Plastic contamination in US-grown cotton is a significant issue throughout the supply chain, and the USDA has taken an initial step aimed at addressing this problem. The agency is implementing a new pair of extraneous matter codes for levels of plastic contaminants found in cotton samples.  The USDA’s AMS Cotton and Tobacco Program is now enforcing codes 71 and 72 (as of July 1) as identifiers of plastic contamination, in line with other codes for seed (coat fragments), bark, grass, oil, and other materials.

The world has long accepted the US cotton industry as the leading producer of quality cotton. In recent years, however, with the introduction of the John Deere round module and accompanying plastic cover, farmers and ginners were left to develop their own method for removing the cover.  More often than not, they left the plastic cover in with the harvested cotton unintentionally. To be fair, Deere developed the new module to reduce the labor costs involved with the old rectangular modules, and this innovation proved to be a winner for the harvesting and collection of cotton. Still, the new covers presented problems farther down the supply chain.

Another source of plastic contamination occurs when farmers grow crops that require black plastic ground cover and later plant cotton after tilling the black plastic under the soil.  When the cotton plant grows, the black plastic that has been tilled under emerges with the plant and is then harvested along with the cotton. Also, module trucks may pick up any black plastic on the ground when  transporting the module, round or rectangular, to the gin.

As consumers worldwide are demanding more natural products for personal hygiene and baby products, these plastic contaminants are a significant detractor for sales and brand perceptions.  Purified Cotton is replacing synthetic fibers that are white and largely without contamination, so consumers are trained to expect perfectly clean substrates in their hygiene products. Yellow, pink, blue, or black plastic contamination is not acceptable for these products and the US Cotton Industry must find a way to totally eliminate it.

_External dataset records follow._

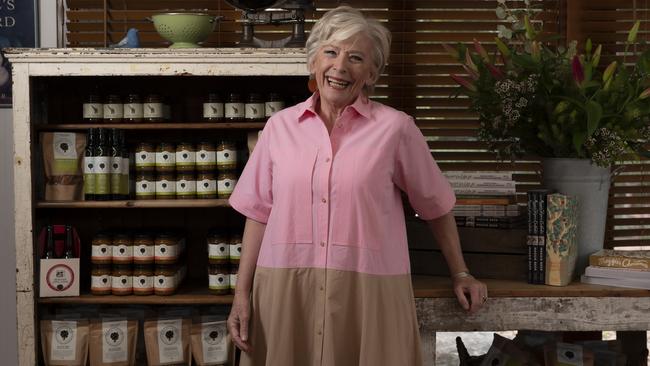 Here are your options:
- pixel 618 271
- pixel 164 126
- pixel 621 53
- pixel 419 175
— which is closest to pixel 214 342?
pixel 164 126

The National Cotton Council and other industry associations have led awareness campaigns and educational series to address these issues with farmers and ginners to help reduce the problem of plastic contamination in cotton.  These new codes recently introduced by the USDA are important step towards penalizing those who are cutting corners, failing to take the necessary precautions that assure the high-quality cotton expected from the US Cotton industry for decades.